# EXERCISE DESCRIPTION
Copy the final lines exactly, starting at the one that contains "Handmade knot top" and ending with the last line of the listing below. Pictures are not part of the copy.
━━━━━━━━
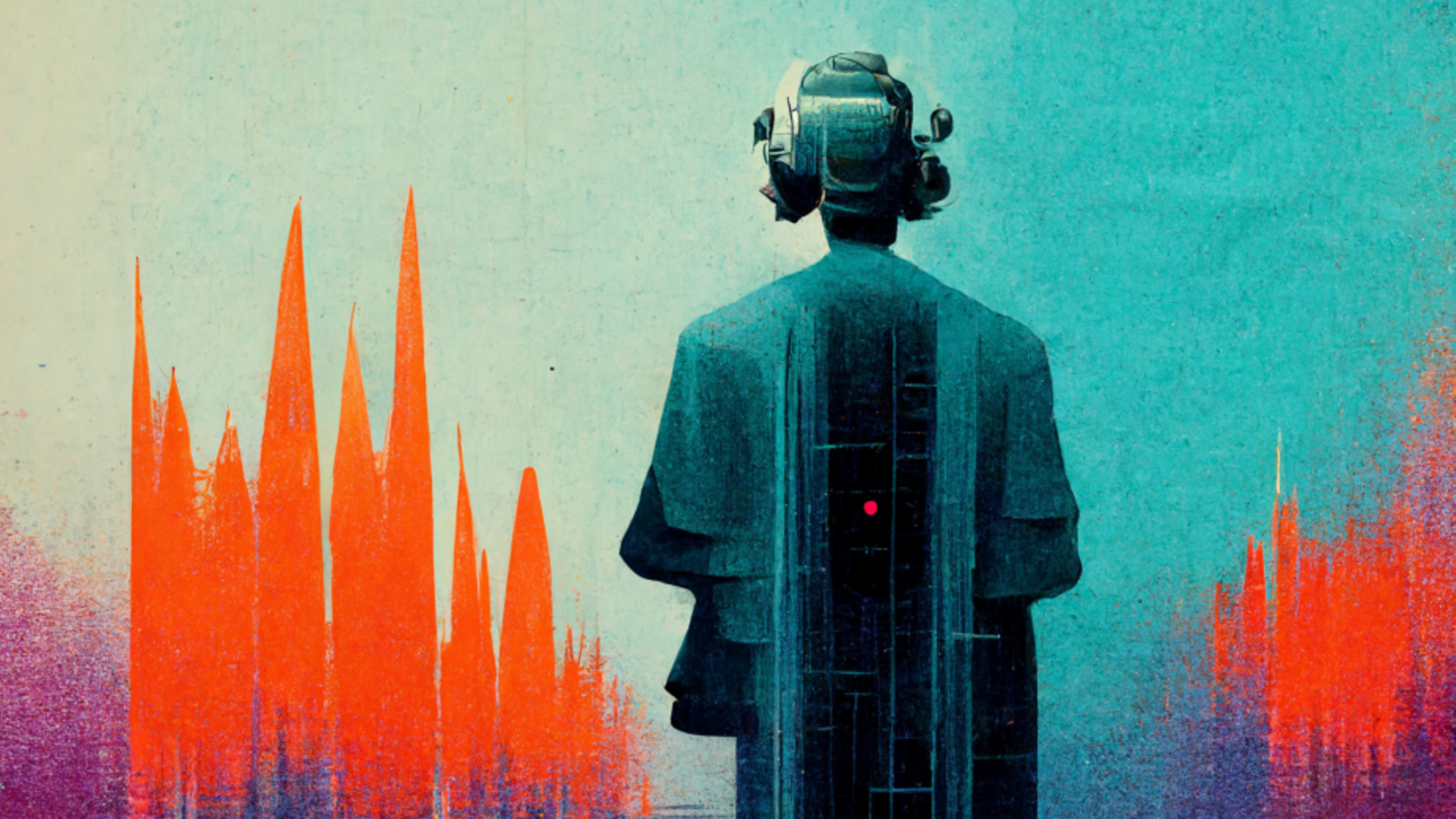 Von einer KI erstellte Illustration einer menschlichen Gestalt mit einer Art Kopfhörern, die von hinten zu sehen ist. Um sie herum farbige Flächen und Muster, die an Waveforms erinnern. Von einer KI erstellte Illustration einer menschlichen Gestalt mit einer Art Kopfhörern, die von hinten zu sehen ist. Um sie herum farbige Flächen und Muster, die an Waveforms erinnern.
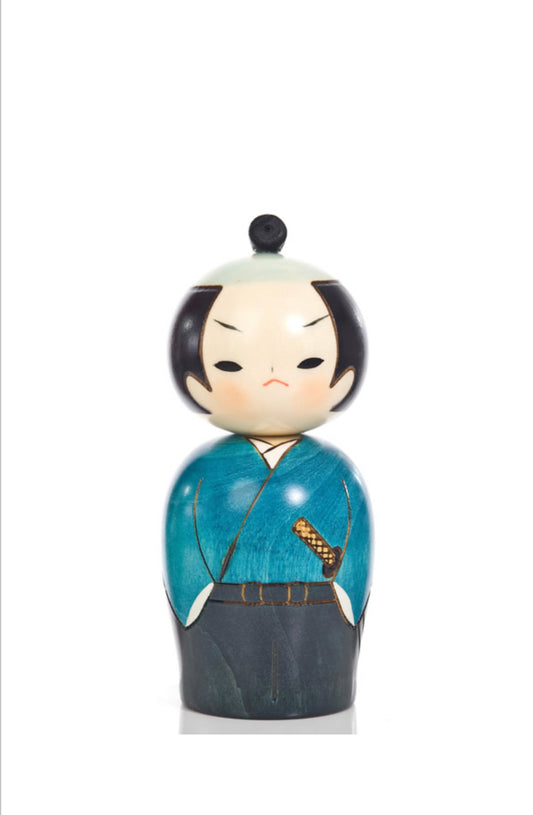 Samurai Japanese Warrior Kokeshi Doll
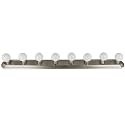 Sunlite 45300 Art Deco Style Brushed Nickel Vanity Light Fixture, 48-Inch, 8 Medium Base Sockets (Bulbs Not Included), Dimmable, UL Listed, Bathroom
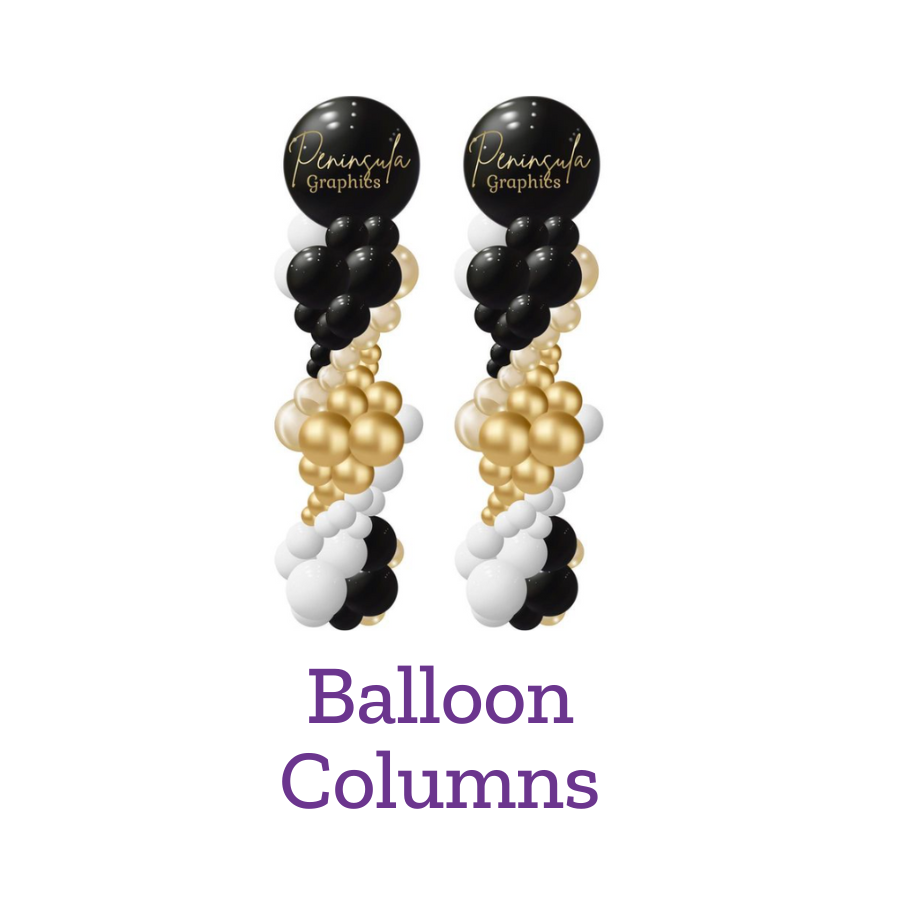 A variety of choices of balloon columns.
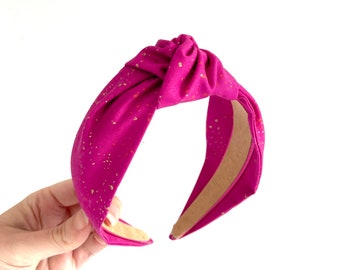 Handmade knot top hot pink fuchsia metallic splash spot print hairband headband - knotted turban wide fabric alice band hair  polka dot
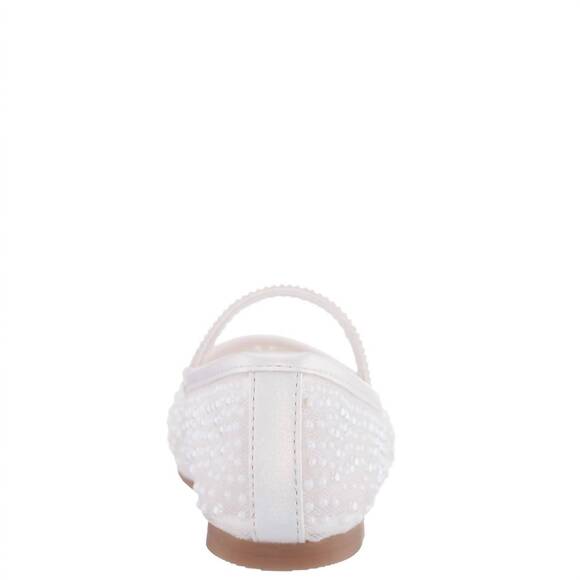 NEW NINA girls' pearl mesh ballet flat shoe in white - Picture 4 of 5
━━━━━━━━
# THE COMPLETED TASK
 Handmade knot top hot pink fuchsia metallic splash spot print hairband headband - knotted turban wide fabric alice band hair  polka dot
 NEW NINA girls' pearl mesh ballet flat shoe in white - Picture 4 of 5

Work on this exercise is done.